Sat 21 Feb 2026
A 1001 Midnights Review: DAVID GOODIS – Street of No Return.
Posted by Steve under UncategorizedNo Comments
by Bill Crider
DAVID GOODIS – Street of No Return. Gold Medal #428, paperback original; 1st printing, 1954. Cover art: Barye Phillips.

Street of No Return has strong similarities of plot to Down There (reviewed here), but is a much stronger book.
Whitey, an alky once known as Edward Linden, the best singer of his generation, got involved with the wrong woman. The woman’s hoodlum friends try to persuade Whitey to forget her by smashing his vocal cords, and Whitey winds up with the rest of the winos on the street of no return.

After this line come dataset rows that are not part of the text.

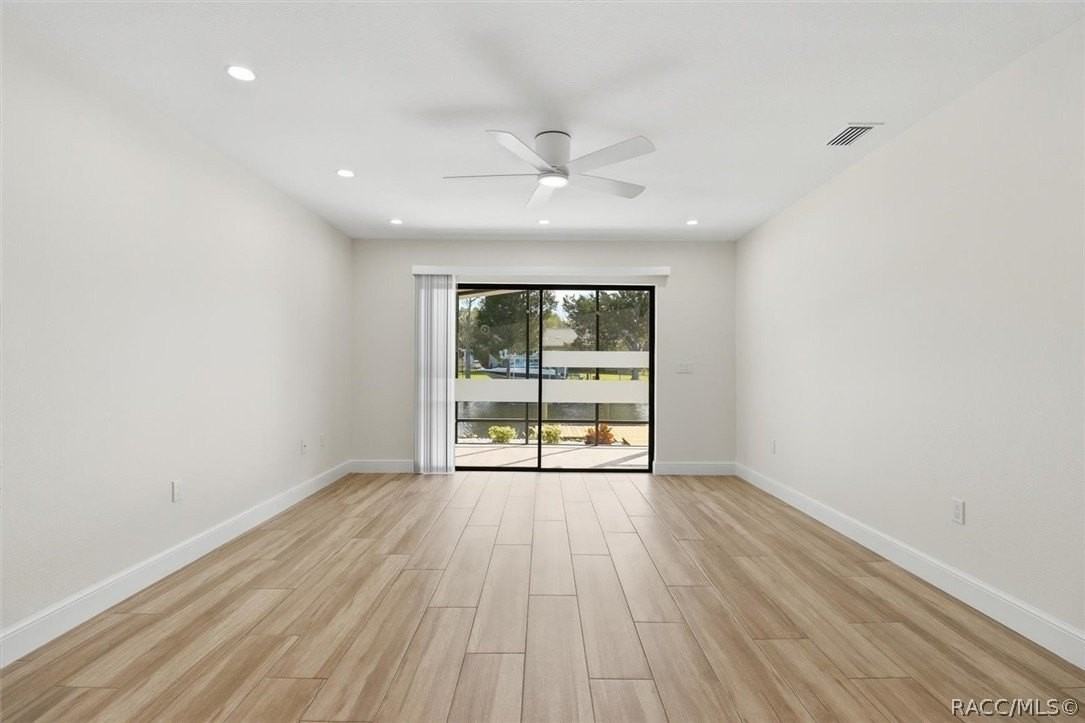 11625 W Riverhaven Dr - Photo 4 of 45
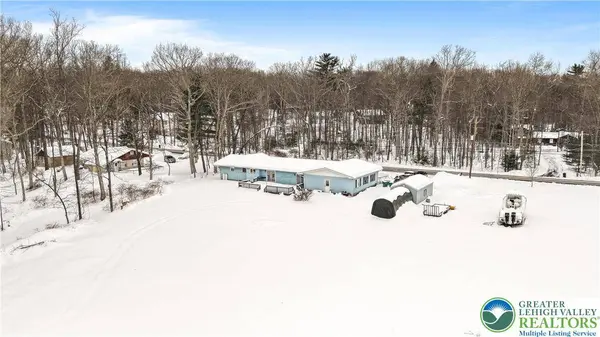 380 Cherry Lane RD, Pocono Twp, PA 18321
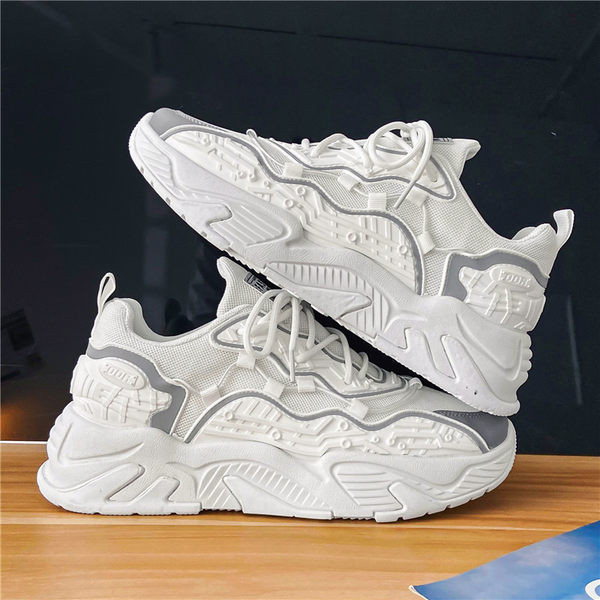 Vyriški sportbačiai – nauji sportiniai su raišteliais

One day, with a race riot in progress in the Hellhole a few blocks away from skid row, Whitey sees some familiar faces and follows them into the Hellhole, where he tries to help a dying cop. As a result, he is accused of murder, and much of the first part of the book deals with his attempts to evade the police. just as much of the first part of Down There deals with Eddie’s attempts to evade the gangsters.
Eventually the book comes to a predictable end: Whitey finds the killer and brings the riots to a stop. But as one would expect in a Goodis book, Whitey does not find the girl and live with her happily ever after. Instead, he goes back to his bottle and his friends on the street.
What sets this book apart from Down There, as well as a number of other Goodis novels, is the writing. The writing is not slowed down. as it often is in Goodis’s works, by lengthy passages of introspection; thus the story moves along with the reader being shown. not told. and the narration is more effective than usual. One wonders why this book has never been filmed in place of other, lesser Goodis novels.
Those with a taste for Goodis’s philosophy should try Street of the Lost (1953) and The Moon in the Gutter (1954). The titles tell the story. A recent movie version of the latter was a conspicuous flop.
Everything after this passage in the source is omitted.